In the past 5 years, I've been around shooting sports less, and the volume of the gun debate has increased significantly. I, of course, support the ability of people to hunt and shoot clays, because that's what I like to do. I think that a healthy respect for, and access to, the tools to do so has value. I'm nervous about restricting guns to the point that they become taboo in society. However, I've also been uncomfortable with the fervor around weapons that are overtly militaristic and aggressive in nature, but not been able to articulate my thoughts on those types of guns. Yesterday, my local gun club and dealer helped firm up my own position on these "black" weapons.
|Screenshot from the Facebook page of a well-respected, local gun club and dealer. Posted 05/30/13.|
This gun confused me at first. It's not a high-powered rifle, but a shotgun. It doesn't look like the shotguns I'm familiar with though: no walnut stock, graceful lines, or long barrel to point at a target. It's not polished and finely checkered, nor is it a woodsy camo that blends into my hunting coat and the landscape in the marsh.

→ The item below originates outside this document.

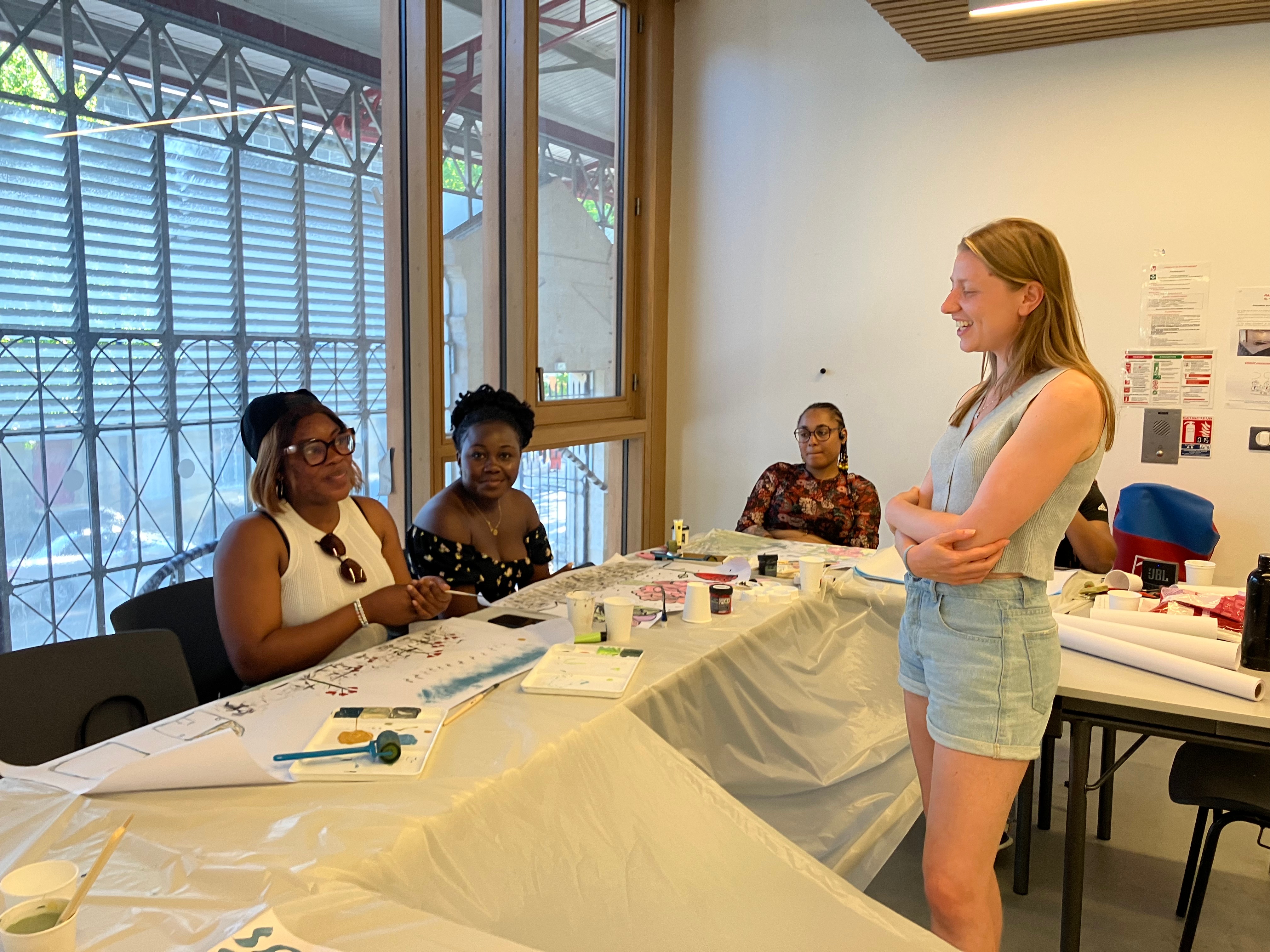 Atelier d'art entre femmes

This shotgun is a tool for killing people. Its short barrel and "Law Enforcement Buckshot" are meant to indiscriminately fire a shower of killing force in a broad, forward-facing direction. Using it inside your home would be only slightly safer than tossing a grenade down the hallway at an intruder, while your children sleep in their rooms. This particular gun takes no skill to learn to use. There are three uses I can think of for this type of weapon: killing people, practicing killing people, and simulating killing people. This gun is not an isolated example either. Scrolling through their social media pages, and those of other local dealers, these are the guns that are featured, talked about, and shared. Rare is the post about the new shotgun or rifle that has hunting or sporting as its use. People-killing guns get the "oohs" and "ahhs."

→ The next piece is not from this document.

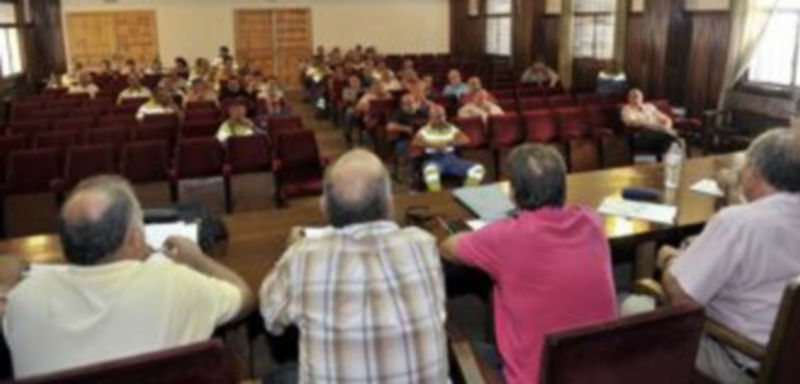 Imagen de archivo de la asamblea que celebraron los trabajadores de FCC el pasado mes de julio. / Kamarero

I'm not a politician, I'm not an activist, and I'm not in the firearms industry. My opinion on the issue does little to influence it. However, from now on, my position for my own self is clear. The gun industry, lobby, groups, clubs, and dealers have pushed the issue too far. I don't want to own guns that have no value but to kill people. I don't care for my neighbor to, or even my friends. If they would choose to do so solemly and with great hesitation, I could stomach it. Celebrating and getting excited about owning people-killing machines turns my stomach, though. By escalating the issue and pushing it to the extremes, these groups have lost me. Hunters' and sportsmen's best interests are no longer best served by the majority of pro-gun groups, and we will lose rights we have now if we continue to let groups from the NRA to local dealers push the debate to a fanatical extreme.
Disclaimer: I'm a charter member at Blackwing Shooting Center, referred to above. I know their owner, several of the staff, and have a lots of friends that shoot there. They are good people. I have shot and will shoot trap and sporting clays there. Reasonable people can disagree on a single issue without dissolving ties.